O constitucionalista Eduardo Mendonça credita a sobrecarga processual enfrentada pelo Supremo Tribunal Federal ao desrespeito aos precedentes da própria corte pelos tribunais e instâncias inferiores. O diagnóstico foi feito em evento da Associação dos Advogados de São Paulo, na última segunda-feira (24/10), na capital paulista.

“Arrisco que 90% do que o Supremo faz não é decisão de coisa nova ou complexa, é repetição de sua própria jurisprudência. Acho que nossa crise de quantidade tem a ver com a falta de uma cultura de precedentes que funcione” — Mendonça reconheceu que a fixação de teses pelo STF tem se mostrado uma saída para o problema. “A falta de observação de precedentes induz o advogado a recorrer sempre. Porque ele não confia que a jurisprudência é estável.”

Ministro aposentado do Supremo, o hoje advogado Ayres Britto discorda. Ele ponderou que, em alguns casos, a jurisprudência pode estar ultrapassada. “Em princípio, a observância dos precedentes serve à previsibilidade dos julgamentos e ao princípio da segurança jurídica. Mas não podemos exagerar no culto aos precedentes, pois os precedentes são um olhar para trás e a vida é um olhar para frente”.

Protagonismo e crise
Os debates também giraram em torno do momento de crise e sua relação com o Poder Judiciário. Se os profissionais do direito concordam que a Justiça tornou-se protagonista na vida do país, não há consenso sobre os efeitos que essa situação pode trazer para a socidade.

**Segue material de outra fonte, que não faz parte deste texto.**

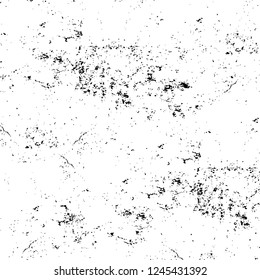Grunge overlay layer. Abstract black and white vector background. Monochrome vintage surface with dirty pattern in cracks, spots, dots. Old wall in dark horror style design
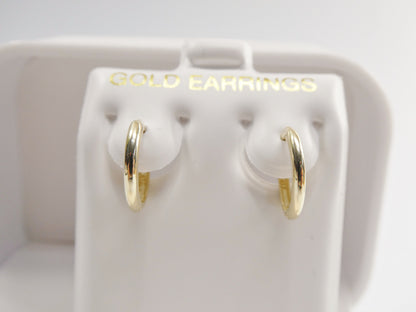 Real 10k Solid Yellow Gold 12mm High Polish Plain Hoop Huggie Earrings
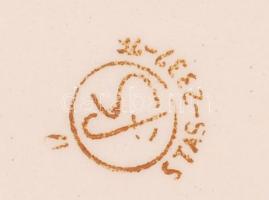 6 személyes jelzett porcelán pálinka kínáló szett / China shot set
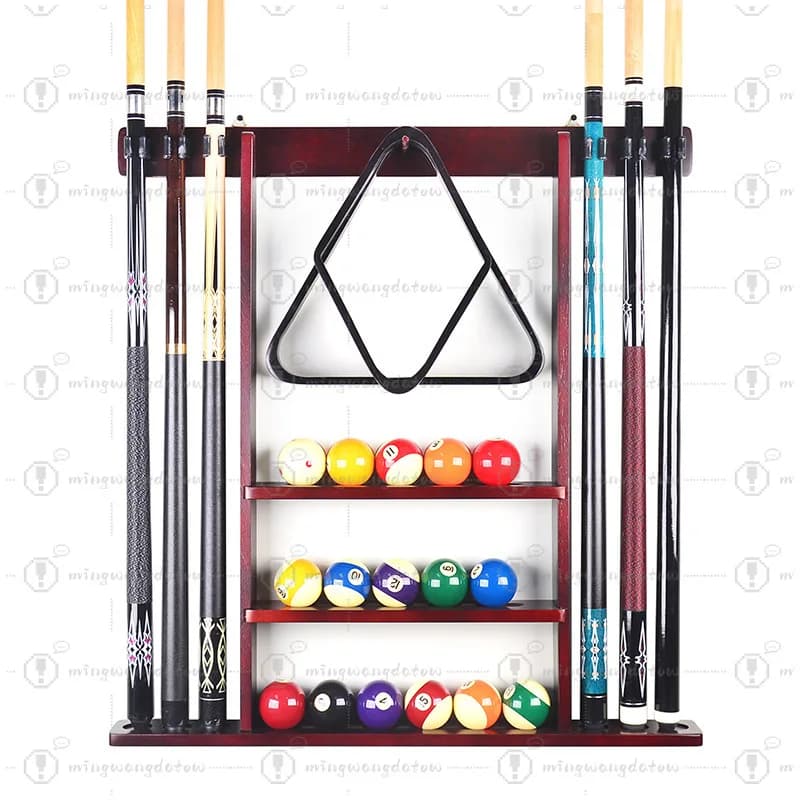 Luxury Solid Wood Wall Mount Pool Cue Rack, 6-Hole Wall Hanging Billiards Cue Storage Stand for Club Home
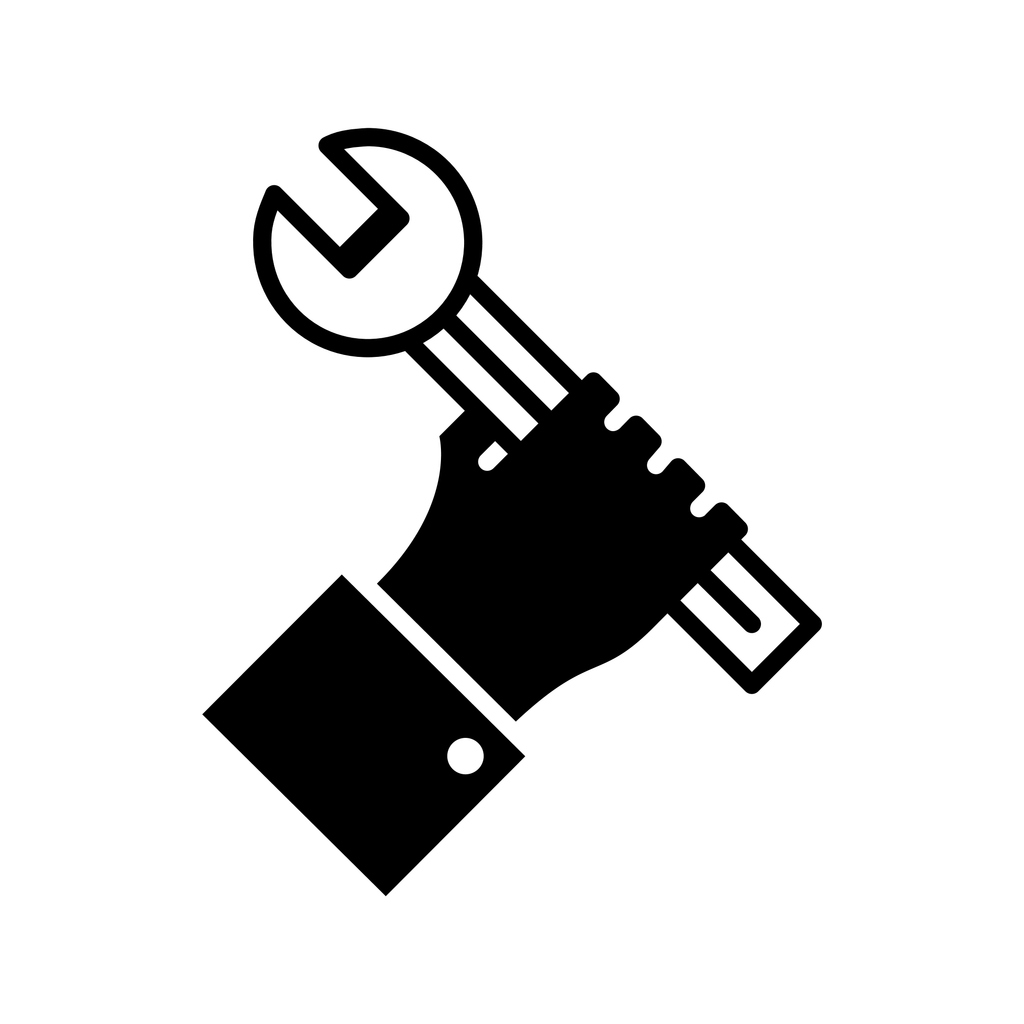 handyman icon hand holding a wrench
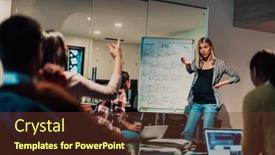  Presentation with coworking - Slides enhanced with pregnant-businesswoman-leads-a-creative background and a tawny brown colored foreground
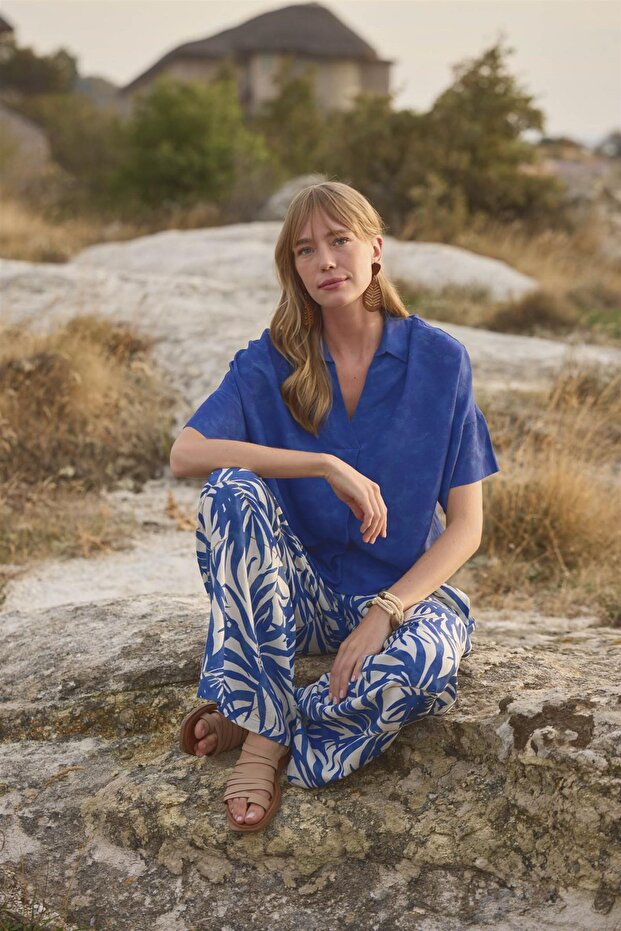 طقم علوي وقميص بطبعة أوراق الشجر وأزرار أمامية وياقة قميص - 8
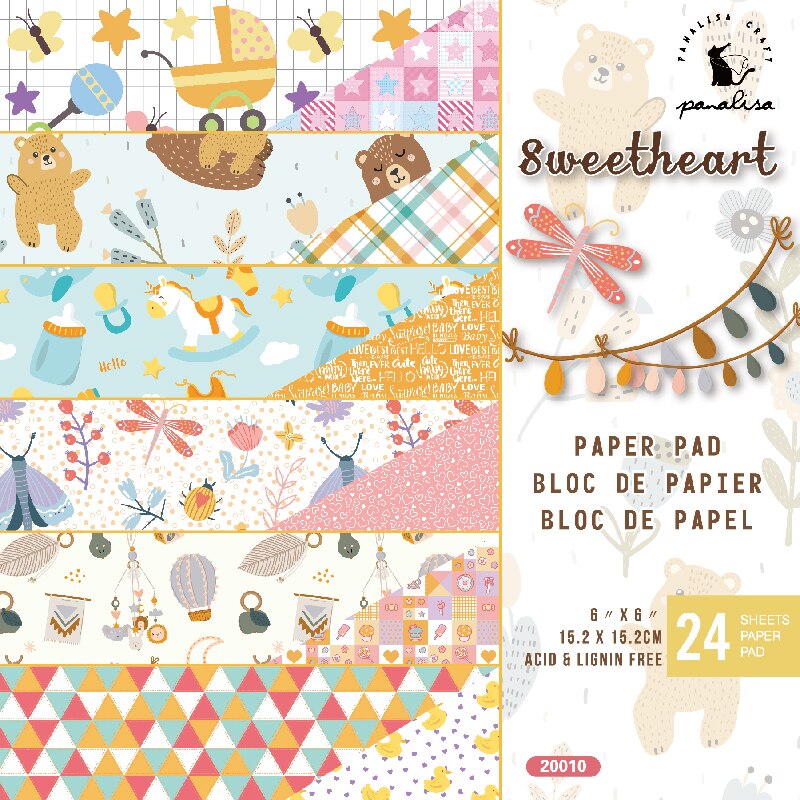 Panalisacraft 24 blätter 6 "X6" Baby gemusterten papier Pad Scrapbooking papier packung handgefertigt handwerk papier handwerk Hintergrund Pad karte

No diagnóstico do ministro Fracisco Rezek, aposentado do Supremo Tribunal Federal, o desaguar dos problemas no Judiciário é inevitável e respaldado pela ordem constitucional brasileira, que “dá à Justiça prerrogativas que nenhum país do outro mundo conhece. Isso vai subsistir por muito tempo e não dá para dizer com segurança que seja uma coisa ruim”.

Entretanto, pouca coisa deve mudar a partir de sua avaliação. “O Legislativo não tem podido encontrar tempo e energia para cuidar da sua tarefa principal, que é legislar, e com propriedade. As prioridades da classe política neste momento são inteiramente outras, a começar pela sobrevivência, pela salvação da própria pele”, disse.

Para Eduardo Mendonça, o protagonismo excessivo pode, no futuro, desgastar a imagem do Supremo. Ele detalhou que o fato de a corte ter que analisar temas complexos, às vezes com pouca informação ou tendo que lidar com demandas não atendidas de outros poderes, pode corroer o tribunal politicamente — isso porque a sociedade começa a esperar que ele resolva os problemas.

Mendonça também criticou o que chamou de “cultura de independência judicial” e solução é uma mudança cultural. “Independência judicial é o juiz poder pensar o que ele quiser e não poder decidir tudo novamente para fazer a Justiça da cabeça dele. E jurisdição é um serviço público e tem que ser organizado. Quando uma parte chega no Judiciário e tem uma resposta e, outra, com o mesmo problema, tem outra resposta, não é Justiça.”

Presidente da Aasp, o criminalista Leonardo Sica identifica uma “crise de legalidade” causada pelo protagonismo do Judiciário em conjunto com uma ação política com o propósito de minar o Direito de Defesa. Ele vê a criação de um “novo Leviatã”, por meio de uma “perene cruzada Judiciária” e das 10 medidas encampadas pelo Ministério Público Federal. Em sua opinião,

Sica destacou ainda que o Judiciário deve ser comedido em suas ações, sob pena de ferir o Estado Democrático de Direito. Exemplo disso, explicou, são os problemas enfrentados pela Justiça atualmente, como o aumento da população carcerária, por causa da política de combate às drogas assumida no passado.

O ministro Teori Zavascki, do STF, reconhece a crise de legalidade, mas culpa a inversão de valores pela situação. “Às vezes, as pessoas que obedecem as leis são taxadas pejorativamente”, opinou.